◆ Data section ◆

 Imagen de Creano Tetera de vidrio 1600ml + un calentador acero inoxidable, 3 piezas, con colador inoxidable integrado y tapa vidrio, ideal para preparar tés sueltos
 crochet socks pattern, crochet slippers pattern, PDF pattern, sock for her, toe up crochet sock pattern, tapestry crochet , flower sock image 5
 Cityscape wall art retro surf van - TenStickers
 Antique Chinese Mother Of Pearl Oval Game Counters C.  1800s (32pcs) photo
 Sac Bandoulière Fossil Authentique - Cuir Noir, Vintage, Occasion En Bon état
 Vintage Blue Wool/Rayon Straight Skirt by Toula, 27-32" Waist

==

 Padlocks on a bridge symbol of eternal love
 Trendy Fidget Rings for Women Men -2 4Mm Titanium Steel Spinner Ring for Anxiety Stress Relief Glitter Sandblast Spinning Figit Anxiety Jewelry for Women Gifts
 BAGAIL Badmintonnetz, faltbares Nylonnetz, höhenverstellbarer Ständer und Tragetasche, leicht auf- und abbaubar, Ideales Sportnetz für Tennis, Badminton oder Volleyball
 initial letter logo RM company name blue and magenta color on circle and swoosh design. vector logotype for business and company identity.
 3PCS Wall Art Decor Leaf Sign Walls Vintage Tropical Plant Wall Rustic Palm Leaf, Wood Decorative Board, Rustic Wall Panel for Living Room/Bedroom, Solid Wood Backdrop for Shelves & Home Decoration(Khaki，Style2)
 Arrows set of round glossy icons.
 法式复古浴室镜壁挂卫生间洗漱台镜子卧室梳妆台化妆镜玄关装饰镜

==

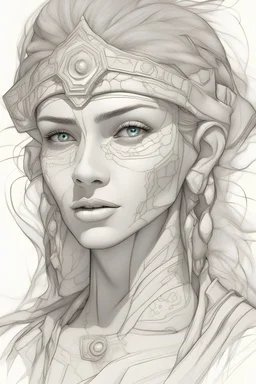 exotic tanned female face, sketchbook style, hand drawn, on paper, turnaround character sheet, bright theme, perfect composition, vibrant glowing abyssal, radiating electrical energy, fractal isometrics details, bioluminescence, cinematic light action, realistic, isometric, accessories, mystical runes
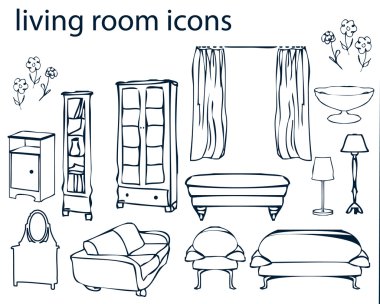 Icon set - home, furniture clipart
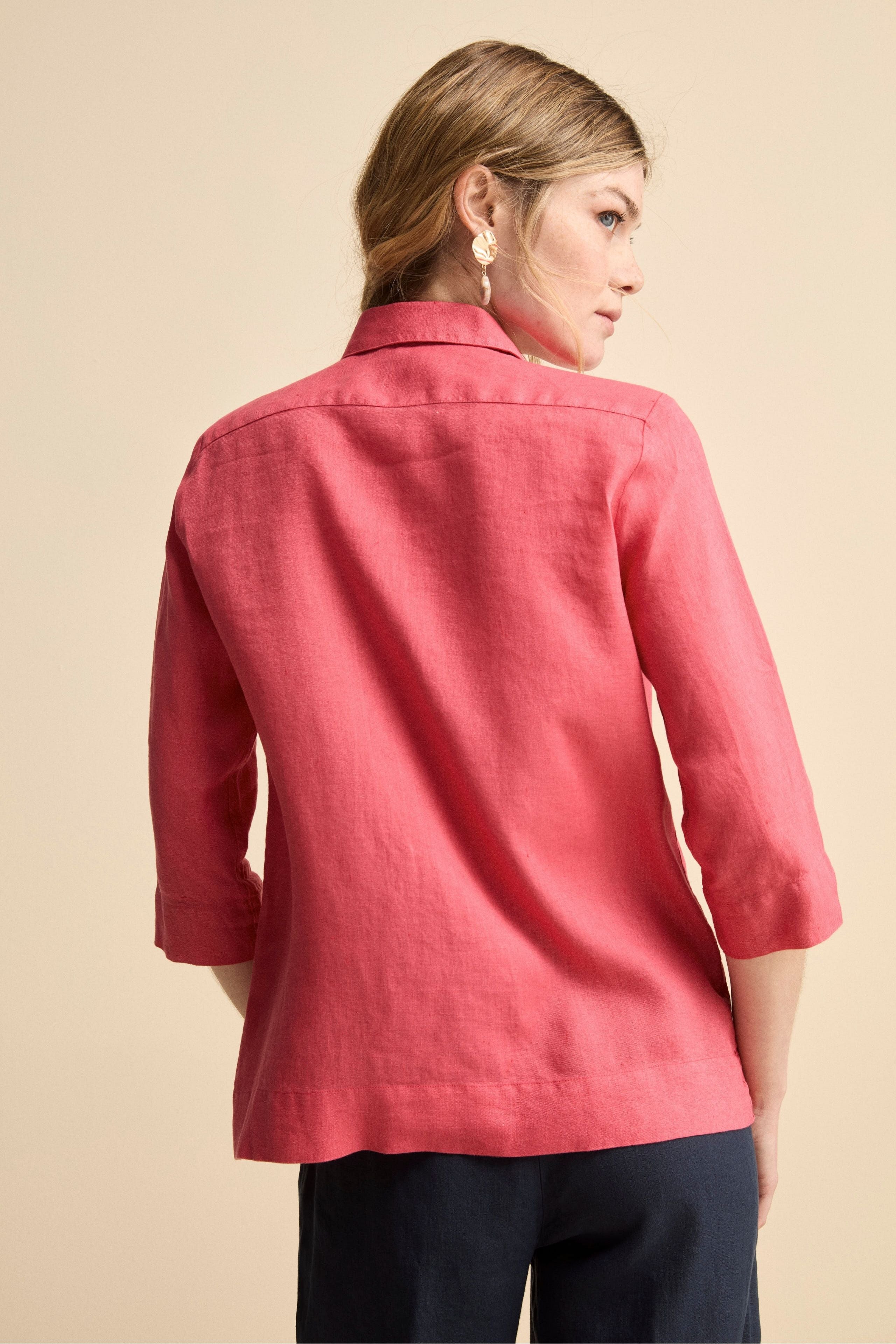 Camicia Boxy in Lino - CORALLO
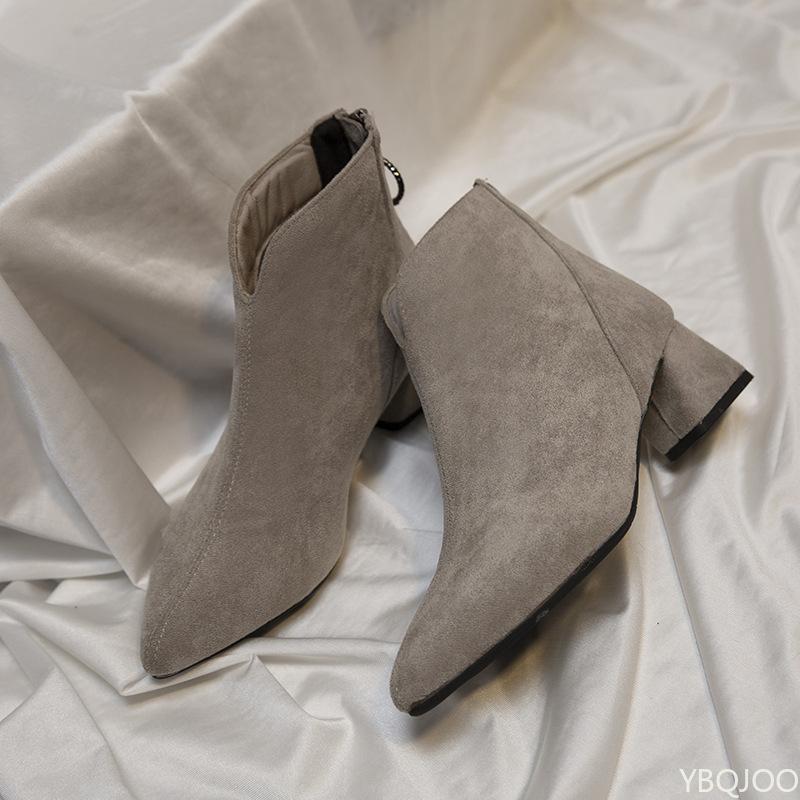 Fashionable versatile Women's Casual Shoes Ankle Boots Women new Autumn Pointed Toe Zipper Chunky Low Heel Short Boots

◆ Activity ◆
Please find every line in the listing that holds the string "Vintage" and copy it.

◆ Exercise result ◆
 Sac Bandoulière Fossil Authentique - Cuir Noir, Vintage, Occasion En Bon état
 Vintage Blue Wool/Rayon Straight Skirt by Toula, 27-32" Waist
 3PCS Wall Art Decor Leaf Sign Walls Vintage Tropical Plant Wall Rustic Palm Leaf, Wood Decorative Board, Rustic Wall Panel for Living Room/Bedroom, Solid Wood Backdrop for Shelves & Home Decoration(Khaki，Style2)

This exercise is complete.